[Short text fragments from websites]
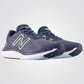 NEW BALANCE - נעלי ריצה לנשים W680CN7 בצבע כחול - MASHBIR//365 - 2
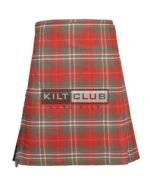 Scott Hunting Ancient Tartan Kilt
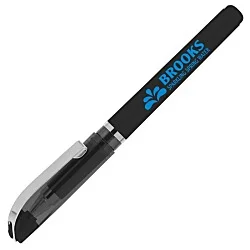 Avendale Gel Pen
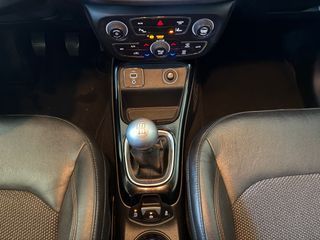 JEEP Compass 1.4 Mair Limited 4x2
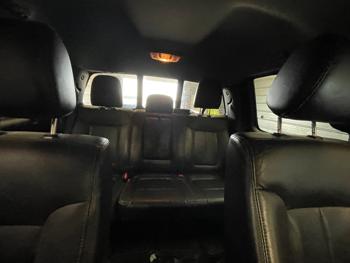 2012 ford f-150 fx4-supercrew-5.5-ft.-bed-4wd with 135504 miles for sale near elk-river, minnesota b94f8c3fa6b74253b53dcc74a4e34f66.jpeg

=== WHAT TO PRODUCE ===
A word-for-word copy of the lines from the one with "JEEP Compass 1.4 Mair Limited 4x2" through the last line of the data above is required, with both end lines included and no pictures.

=== RESPONSE TO THIS EXERCISE ===
 JEEP Compass 1.4 Mair Limited 4x2
 2012 ford f-150 fx4-supercrew-5.5-ft.-bed-4wd with 135504 miles for sale near elk-river, minnesota b94f8c3fa6b74253b53dcc74a4e34f66.jpeg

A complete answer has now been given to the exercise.